**ASSIGNMENT**
Your reply should consist only of the lines from the one with "Visually Impaired Dog" through the end of the entries, transcribed exactly. Pictures stay out.

[Captioned web image data]
┌──

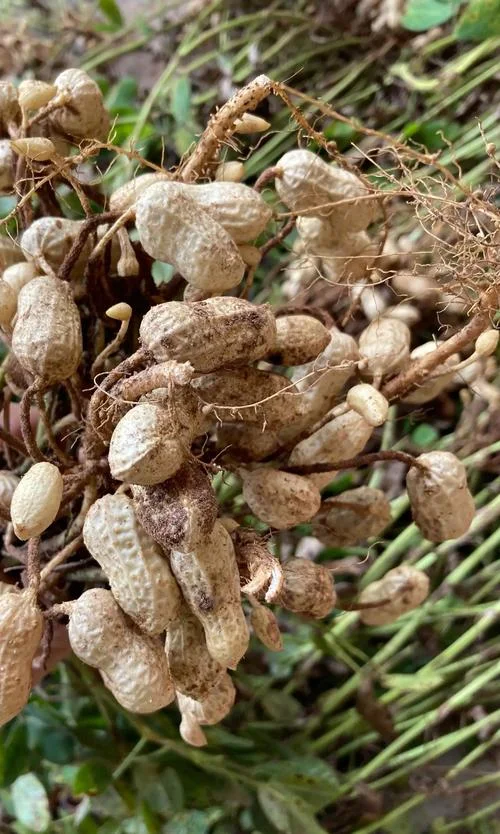 梦见收花生但果实少_1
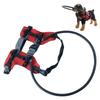 Visually Impaired Dog Protective Gear Reinforced Barrier Adjustable Safety Collar for Outdoor Obstacle Avoidance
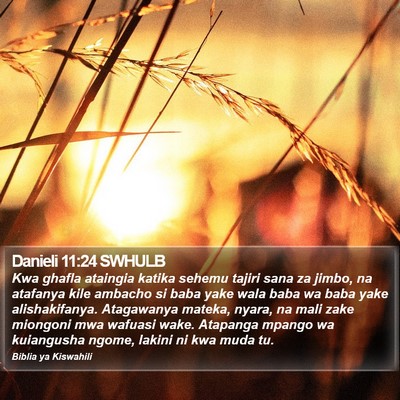 Danieli 11:24 SWHULB Bible Verse Image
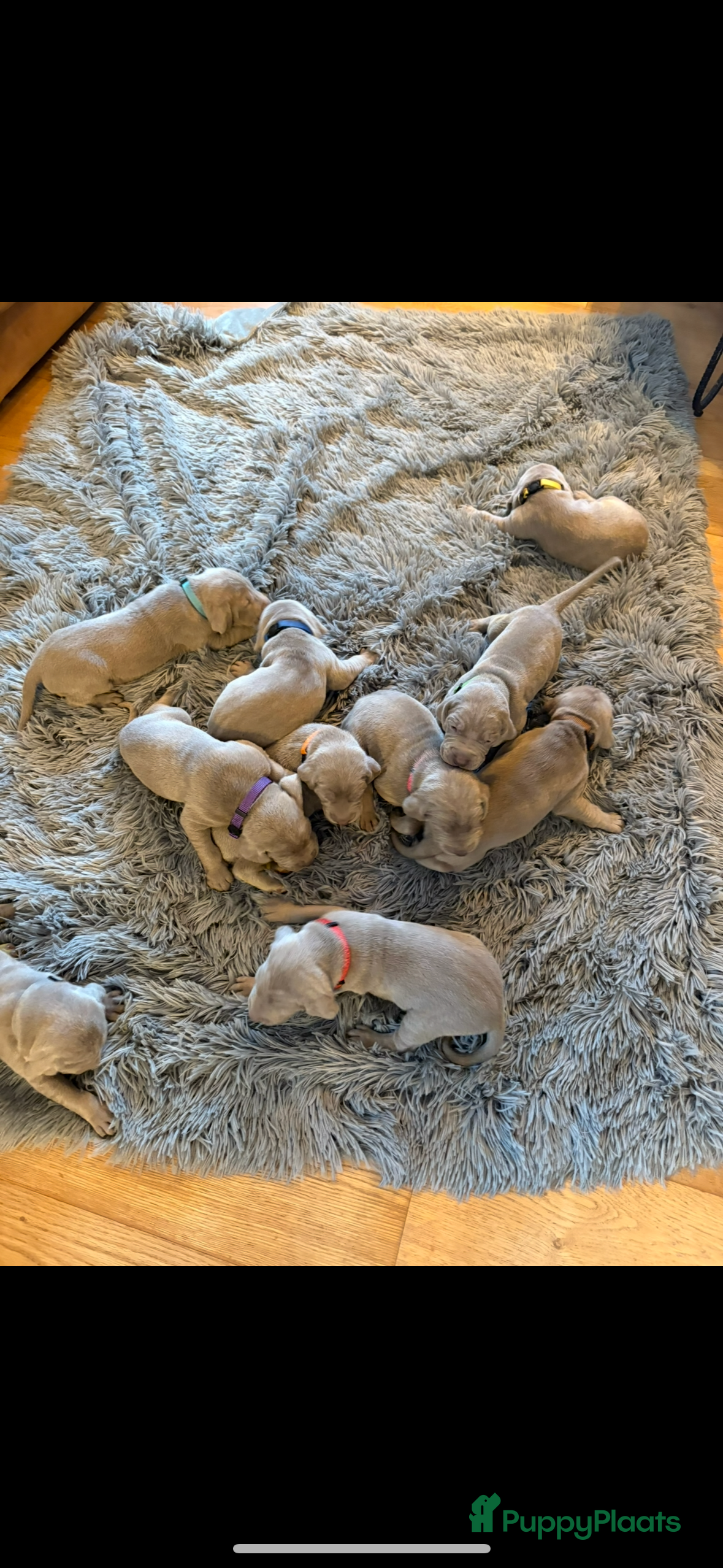 Weimarse Staande Hond korthaar honden Prachtige Weimaraner pups - Advertentie 2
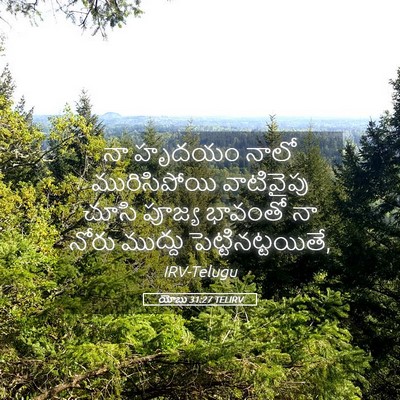 Picture 05 - యోబు 31:27 TELIRV - నా హృదయం నాలో - Bible Verse Picture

└──

**SOLUTION FOR THIS TASK**
 Visually Impaired Dog Protective Gear Reinforced Barrier Adjustable Safety Collar for Outdoor Obstacle Avoidance
 Danieli 11:24 SWHULB Bible Verse Image
 Weimarse Staande Hond korthaar honden Prachtige Weimaraner pups - Advertentie 2
 Picture 05 - యోబు 31:27 TELIRV - నా హృదయం నాలో - Bible Verse Picture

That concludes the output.